Visible right in the middle of the spars is small empty nest hence the title 'A Birds Eye View'
An English Insulator Abroad
John Luyer from Western Australia kindly sent me this image of a Standard Cordeaux impressed Bullers Ltd London. Note the red dust / sand blown inside the shed.
Use this link to visit John's site and in particular his insulator page
Art? A Fine compilation
Russell Firth has sent me many images of his collection so, for now, to save space I have grouped them all together in one single image
Note the many styles shown including an Oil Bath, corrugated examples, brown cream and white varieties, shackles, potheads, Langdons and off course Reds
Gene Kingsley - An ongoing contribution
Gene has very kindly been supplying me many images of his recently found insulators and some insulators still in situ from his local area - Thank You Gene
This pole of standard size Terminators was still standing lineside on the 20th June 2006 when Gene snapped a quick shot for me. As can be seen, the wires have been cut, crudely, therefore fortunately retaining some good examples of wire termination
28th May and another packed pole still standing. This pole is worthy of mention for its double sided top spar and a good mixture of standard Terminators and Potheads. Also visible through the wires and spars are two wire straining brackets complete with straining wire. These brackets were used to distance the straining wire from the pole in a particular direction to ensure clearance for the many telegraph wires.

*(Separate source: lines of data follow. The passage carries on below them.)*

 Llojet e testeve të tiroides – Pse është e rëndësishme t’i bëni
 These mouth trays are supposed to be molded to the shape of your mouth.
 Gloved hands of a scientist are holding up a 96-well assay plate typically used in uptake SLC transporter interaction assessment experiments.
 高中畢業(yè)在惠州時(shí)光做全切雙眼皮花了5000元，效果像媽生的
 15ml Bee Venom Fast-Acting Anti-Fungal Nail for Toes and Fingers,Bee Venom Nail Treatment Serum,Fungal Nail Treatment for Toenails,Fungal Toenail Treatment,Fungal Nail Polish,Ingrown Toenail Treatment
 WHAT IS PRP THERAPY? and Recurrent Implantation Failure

On a similar theme and the same date, another termination pole, this time 100% double sided. Apart from the double and single grooved potheads, sadly most are broken, this pole has 2 additional extras, what appears to bird boxes?

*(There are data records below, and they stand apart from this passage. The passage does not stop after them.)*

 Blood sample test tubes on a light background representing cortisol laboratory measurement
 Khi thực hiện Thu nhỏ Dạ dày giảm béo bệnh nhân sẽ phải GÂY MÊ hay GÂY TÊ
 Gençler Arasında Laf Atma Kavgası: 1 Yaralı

Unlike the previous image, no extra wire strain arms have been used, the straining wires instead, cris cross the pole. Also clearly visible are the extra spar stiffening brackets. These brackets hinder insulator collection on fallen poles no end as the demolition men never remove the spars of the poles and you can guarantee the one insulator you want will not unscrew and you cannot take the spar with you!